Le virage du deuxième album est toujours difficile à négocier, en particulier quand le premier est une belle réussite. Rose Kennedy est passé, voilà Négatif, second opus de Benjamin Biolay. Entre ces deux sorties, Biolay n’a pas chômé puisqu’il a, entre autres, travaillé sur La disparition, le deuxième album de Keren Ann, et écrit Salle des pas perdus pour Coralie Clément, sa soeur, comme un hommage non dissimulé à Jane Melody Birkin.
Négatif, c’est un double cd composé de 21 titres (14 + 7), une photo couleur pour le recto de la pochette, une en noir et blanc pour le verso. Le "négatif" de l’artiste qui confirme indiscutablement son talent. Certes, le Gainsbourg de la période Melody Nelson n’est jamais très loin. Pourtant, même si certains titres sont indiscutablement influencés par le grand Serge, et cette fois la rythmique et la construction des textes en témoignent, ils "sonnent" Biolay. Car Biolay possède un don indiscutable pour arranger ses morceaux et pour poser sa voix grave et monocorde sur des mélodies tout en finesse.
Tristesse et nostalgie à tous les étages, textes ciselés à la perfection, sentiments "négatifs" pour un univers musical parfaitement maîtrisé.
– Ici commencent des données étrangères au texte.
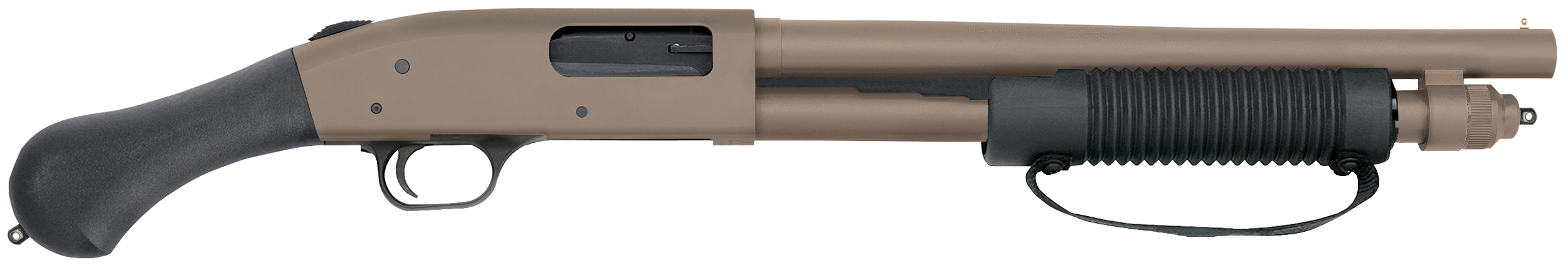 Mossberg 590 Shockwave 12 Gauge 14.375" 5+1 3" Pump Tactical Shotgun - FDE Cerakote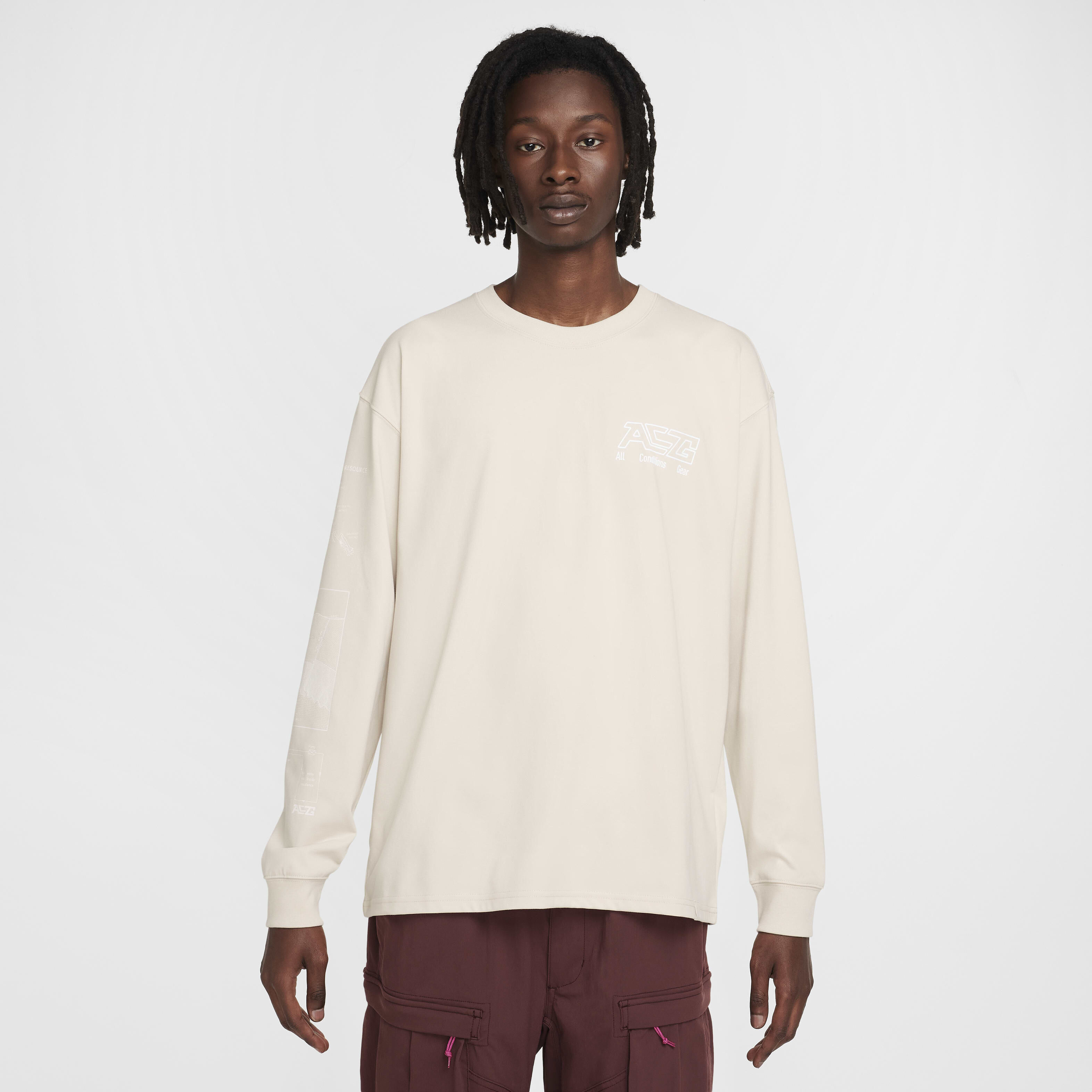 Tシャツ・カットソー Nike FW24 ACG L/S TEE (FZ6704 104) Buy Nike ACG Men's Long-Sleeve T-Shirt - Light Orewood Brown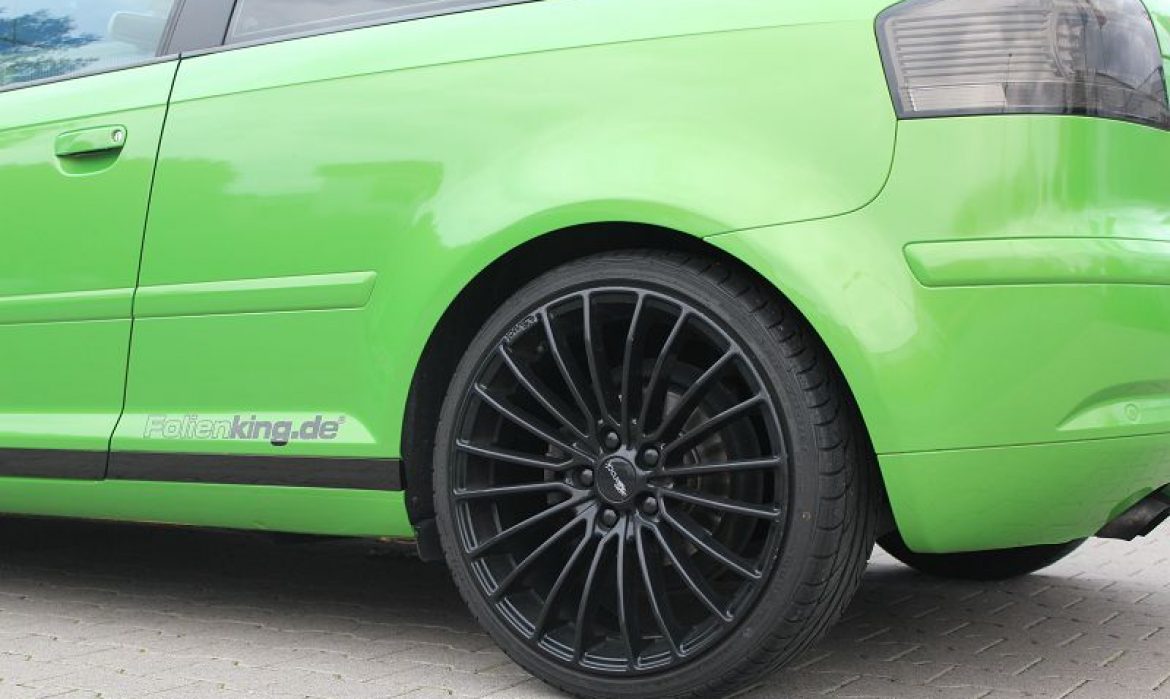 Audi A3 8P: Vollfolierung in "Java Green metallik"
Biolay aime les orchestres de cordes et sait les fondre dans quelques accords de piano pour offrir une dimension magique à ses compositions et créer des atmosphères, à l’image de somptueuses perles comme La pénombre des Pays-Bas, Little darlin’ et Glory hole. Certains arpèges semblent sortis de la guitare de Ry Cooder (Dernier souper au château, Je ne t’ai pas aimé, en duo avec madame), planant fantôme de Stairway to heaven sur Chère inconnue. La petite touche électro enrobe avec délice de nombreux morceaux, comme l’"exsangue" final du premier cd, trip-hop à souhait.
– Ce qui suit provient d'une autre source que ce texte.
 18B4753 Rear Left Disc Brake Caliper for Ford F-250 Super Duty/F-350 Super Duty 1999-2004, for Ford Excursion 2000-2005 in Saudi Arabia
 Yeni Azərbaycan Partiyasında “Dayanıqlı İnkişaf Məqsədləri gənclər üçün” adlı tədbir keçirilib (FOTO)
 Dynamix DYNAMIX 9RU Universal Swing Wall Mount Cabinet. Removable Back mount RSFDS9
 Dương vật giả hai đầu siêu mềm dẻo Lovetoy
Côté textes, l’influence américaine qui imprégnait Rose Kennedy est toujours présente. Tranches de vie, portraits de personnages (Billy Bob a raison), rêves de grands espaces, sentiments fanés, enfance envolée... Le duo avec Chiara Mastroianni n’est pas sans rappeler celui de la maman avec Gainsbourg ("J’ai retourné le problème/là n’est pas le problème/cela ne prouve rien/j’ai retourné la question/là n’est pas la question/je te sens déjà loin"). Biolay joue parfaitement avec la rythmique des mots et son écriture n’en devient que plus sûre. Holland Spring rappelera aux lecteurs de Nabokov le poème extrait de Lolita, qui avait déjà été remanié par... Gainsbourg ! : "Nom : Peggy Sue/âge : 21/retrouvée nue/sur le chemin/ par l’agent Kowalcksik/dans état critique/en position foetale/près du terminal".
Biolay affiche un visage boudeur et juvénile sur la pochette du disque. Comme un adolescent qui aurait préparé un mauvais coup. Tout le contraire de ce Négatif qui, même s’il a été concocté par un sale gosse, est un album magnifique dont on n’a pas fini de faire le tour.